WHAT TO DO: Print the data verbatim. Leave every image out.

DATA SHOWN:
• • •
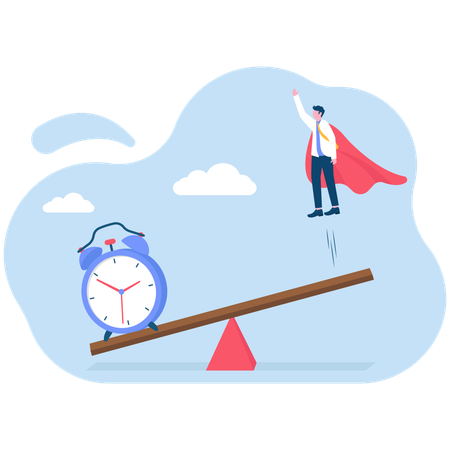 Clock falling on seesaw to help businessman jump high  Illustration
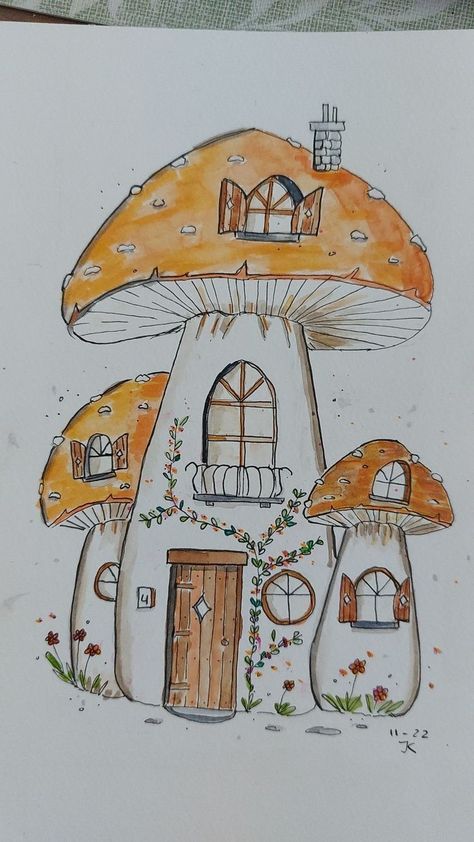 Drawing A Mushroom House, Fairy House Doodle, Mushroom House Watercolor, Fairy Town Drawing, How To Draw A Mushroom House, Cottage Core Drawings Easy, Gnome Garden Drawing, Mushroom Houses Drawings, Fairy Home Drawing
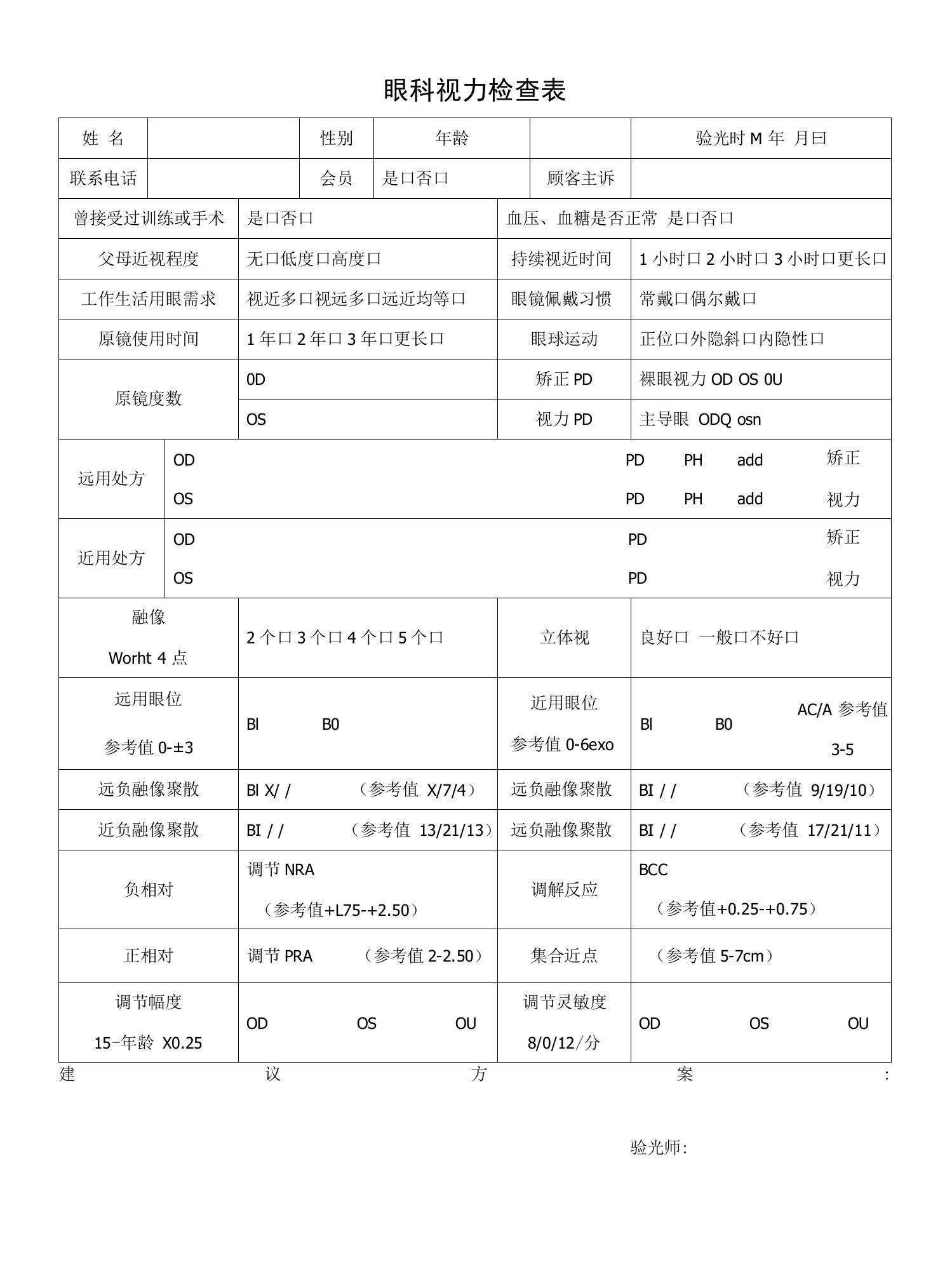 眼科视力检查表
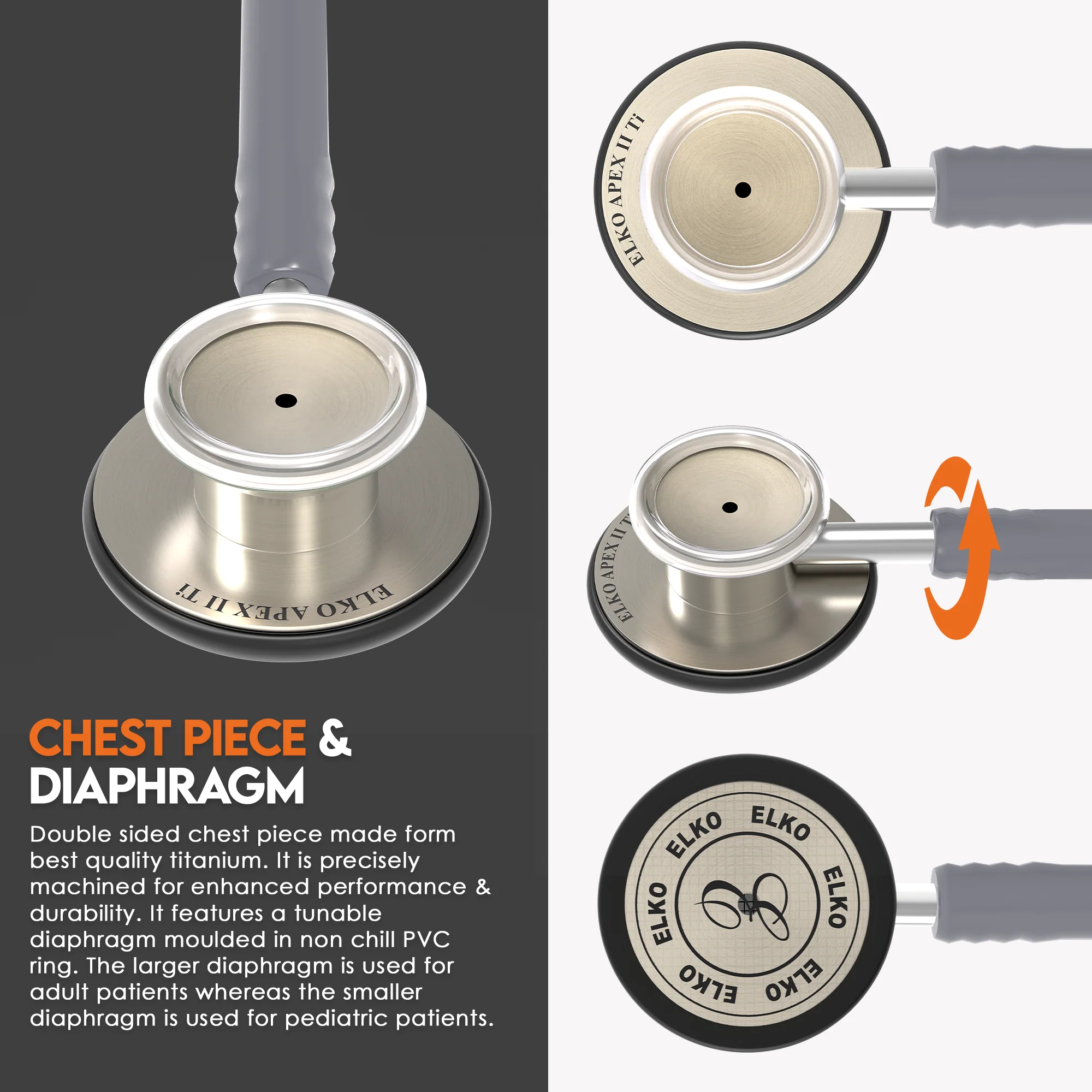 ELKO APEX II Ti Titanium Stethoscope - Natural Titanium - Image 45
• • •
OUTPUT FOR THIS TASK:
 Clock falling on seesaw to help businessman jump high  Illustration
 Drawing A Mushroom House, Fairy House Doodle, Mushroom House Watercolor, Fairy Town Drawing, How To Draw A Mushroom House, Cottage Core Drawings Easy, Gnome Garden Drawing, Mushroom Houses Drawings, Fairy Home Drawing
 眼科视力检查表
 ELKO APEX II Ti Titanium Stethoscope - Natural Titanium - Image 45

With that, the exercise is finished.